Random Ag-SiN films consisting of random small Ag particles embedded in a SiN thin film were deposited by radiant-frequency magnetron sputtering. Specimens orderly comprising a random Ag-SiN film and an optical phase change recording layer were exposed to a focused laser beam. It showed that, with a random Ag-SiN layer deposited above the recording layer, the ablation of the recording layer occurred much faster and under much lower power than that of a single recording layer, which verified the local field enhancement of multiple scattering effects of the Ag particles. Finite Difference Time Domain (FDTD) calculation of a sandwiched structure consisting of ZnS-SiO 2 (130nm)/AgO x (20nm)/ZnS-SiO 2 (40nm) under a Gaussian beam irradiation has been carried out to simulate the near-field distribution in the structure. Near-field optical data storage adopting a Super-Resolution Near-field Structure (Super-RENS) usually utilizes similar films structure mentioned above to achieve super resolution storage density while getting a high Carrier to Noise Ratio (CNR) at the same time.
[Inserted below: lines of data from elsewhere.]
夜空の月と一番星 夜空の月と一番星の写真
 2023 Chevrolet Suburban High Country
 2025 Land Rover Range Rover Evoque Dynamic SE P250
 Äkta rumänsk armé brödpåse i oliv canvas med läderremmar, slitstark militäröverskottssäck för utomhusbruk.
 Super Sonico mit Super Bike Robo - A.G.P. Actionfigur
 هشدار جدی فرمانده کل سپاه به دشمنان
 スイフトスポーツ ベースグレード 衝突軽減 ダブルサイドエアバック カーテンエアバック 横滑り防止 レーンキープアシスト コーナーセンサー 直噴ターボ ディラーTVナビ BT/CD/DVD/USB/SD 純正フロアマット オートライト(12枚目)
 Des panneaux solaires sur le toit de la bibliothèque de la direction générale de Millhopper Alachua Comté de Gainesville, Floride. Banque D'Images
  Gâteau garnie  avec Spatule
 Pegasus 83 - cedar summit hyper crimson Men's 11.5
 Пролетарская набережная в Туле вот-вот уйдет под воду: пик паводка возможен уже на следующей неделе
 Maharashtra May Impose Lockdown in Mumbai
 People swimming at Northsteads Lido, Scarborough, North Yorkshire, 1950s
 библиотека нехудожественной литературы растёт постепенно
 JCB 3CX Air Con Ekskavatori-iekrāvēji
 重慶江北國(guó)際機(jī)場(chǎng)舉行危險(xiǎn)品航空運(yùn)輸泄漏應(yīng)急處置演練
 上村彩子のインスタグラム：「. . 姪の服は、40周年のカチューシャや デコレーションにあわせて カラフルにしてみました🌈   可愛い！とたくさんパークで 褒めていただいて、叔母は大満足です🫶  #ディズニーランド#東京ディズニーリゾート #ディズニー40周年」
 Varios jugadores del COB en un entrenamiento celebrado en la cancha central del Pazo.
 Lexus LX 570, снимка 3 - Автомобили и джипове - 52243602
Many recent works have reported that small Ag particles were formed in the AgOx film after converging laser irradiation onto the sandwiched structure. Here, another FDTD calculation was done to simulate the same model except for that small Ag particles were modeled in the AgO x film in the center region of the incident laser spot. The results showed a huge local near-field enhancement, which indicates that, if the structure full of such small Ag particles are formed in a tiny region beyond the optical diffraction limit, the optical recording and readout out density would be improved as well as a high CNR level achieved due to the multiple scattering of the Ag particles.